View Full Version : Auditory equivalent of aesthetics?
11-10-2000, 09:28 AM
Simply put, aesthetics is to sight as _________ is to sound. I've had this discussion with a few linguiphiles, but to avail.
11-10-2000, 09:33 AM
Why can't "aesthetics" apply equally to auditory input as well as visual? There's nothing in the definition that precludes it.
Barring that, my best guess would be "harmony."
11-10-2000, 09:40 AM
Hmmmm. Point well taken.
11-10-2000, 09:49 AM
Hmmmm. Point well taken. That being said, I also like harmony.
The reason I asked is my son is learning to read employing the methods of phonics. He wants to know why the word answer is pronounced the way it is.
11-10-2000, 09:58 AM
Well, I too like pldennison's answer. Another good word IMHO is euphony.
11-10-2000, 10:14 AM
how about 'acoustics'?
11-10-2000, 10:26 AM
I don't think "acoustics" is really appropriate. It refers more to the scientific principles behind sound transmission and propagation, without regard to its qualities.

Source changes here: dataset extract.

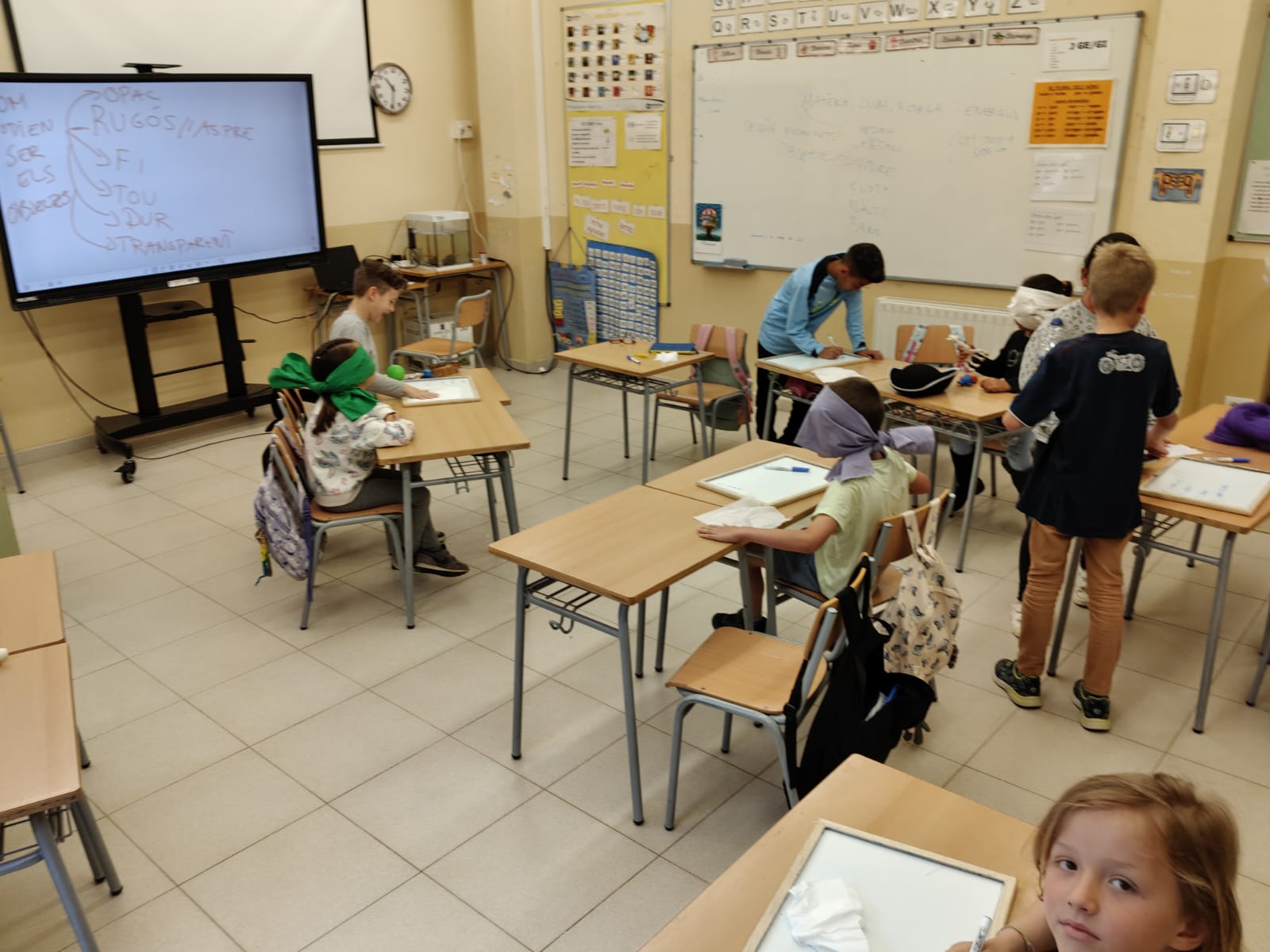 WhatsApp Image 2025-05-16 at 11.45.14 (1)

"Euphony" is a pretty good answer, actually, better than "harmony." Especially in light of what prompted the OP. Although questions of how pronunciations evolve are a bit more complex--I bet that at some point in the past, "answer" was pronounced exactly like it looks, just like "knife."

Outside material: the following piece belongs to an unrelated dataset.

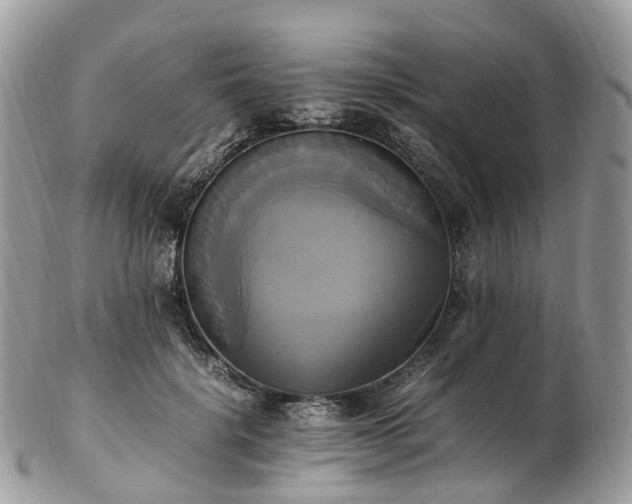 X0000102840652200808251157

Mellifluity would be nice if it were a real word; I vote for euphony as well.
Aesthetics is the philosophical study of what makes things pleasing or beautiful. Nothing in the definition of the word, or its etymology, suggests that it is exclusive to the visual arts. I've certainly heard the term used with respect to music before, i.e., "the aesthetics of punk rock" (if you can believe such a thing).

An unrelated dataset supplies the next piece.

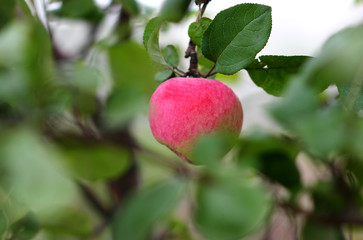 red ripe apple hanging on a branch on a blurred background of leaves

I don't think you need another word.
The other suggestions are for adjectives that describe sound as pleasing, but do not describe the philosophy and/or study of what makes those sounds pleasing (or not - application of the term "aesthetic" does not necessarily imply a positive experience - maybe that's what they meant about punk rock).
11-10-2000, 10:51 PM
If you think about roots, the opposite of aesthetic, per Greek, would be ANaesthetic. So maybe something that is aesthetic simply makes you feel somehow (not necessarily nice-- which is why very icky art is still aesthetic. Aesthetically PLEASING is a different matter).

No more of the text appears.